The Palo Alto, Calif.-based computer and printer maker reported financial results for its second fiscal quarter, including record revenue of $20.1 billion, an increase of 12 percent year-over-year. The number is the highest in quarterly revenue for the first time in its history.

Net income jumped by 34 percent to $884 million (29 cents per share), compared to $659 million (22 cents per share) during the same, year-ago quarter. On a case-by-case basis, the company said revenue in Personal Systems grew 17 percent year-over-year; HP Services grew 15 percent; Imaging and Printing grew 11 percent; Enterprise Storage and Servers grew 8 percent; Software grew 23 percent.

Chairman and CEO Carly Fiorina said HP's success in the last three months was due to record revenue in PCs, enterprise hardware, software, services and imaging and printing.

"HP delivered a strong quarter with solid revenue gains and continued profitability across the portfolio. These results demonstrate that we are winning and growing across the portfolio in an intensely competitive market," Fiorina said in a statement.

Regionally, HP is doing well. Sales in the Americas grew 4 percent to $8.4 billion; Europe grew 17 percent to $8.3 billion; Asia Pacific grew 22 percent to $2.4 billion; and Japan grew 21 percent to $967 million.

But Fiorina remained cautious, suggesting that competition from IBM, Dell, and Sun Microsystems is a force to be acknowledged along with the strength of the recent sales.

"Customers are willing to buy, but are discriminating when it comes to pricing," Fiorina said during a conference call to investors. "We are holding our own despite the rhetoric and we're more focused than ever in leading in the market."

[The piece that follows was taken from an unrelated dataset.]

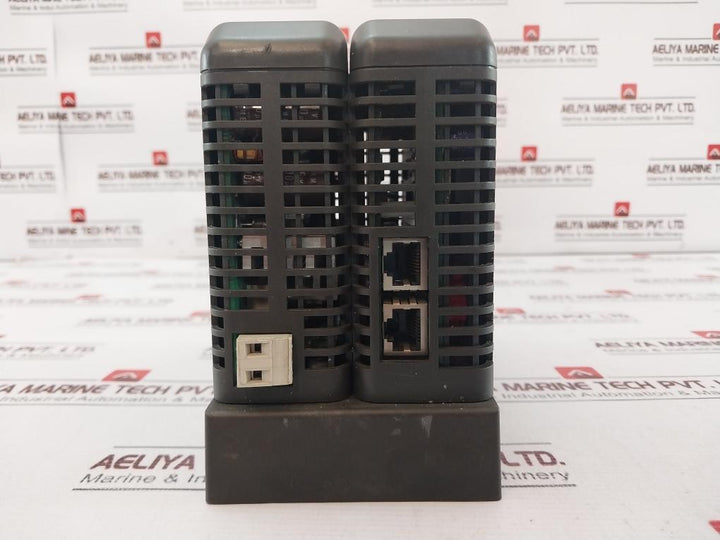 Emerson 12p3378x012 System Power Supply (Ac/dc) Controller Md Plus Kj4001x1-ba3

Part of the problem, according to Fiorina, is the software part of HP's "Adaptive Enterprise" utility computing/visualization/provisioning strategy. The company said seven acquisitions since July 2003 resulted in an operating loss of $49 million for the quarter. The other earnings sapper, HP said, is an agreement by its Canadian subsidiary to settle a contract dispute and reimburse the Government of Canada USD$105 million.

By comparison, Fiorina's contemporaries including Michael Dell, Cisco's John Chambers, IBM's Sam Palmisano and Intel's Craig Barrett have not only recorded record profits in the last three months, but all four men said their outlook for the near-term at least was very favorable.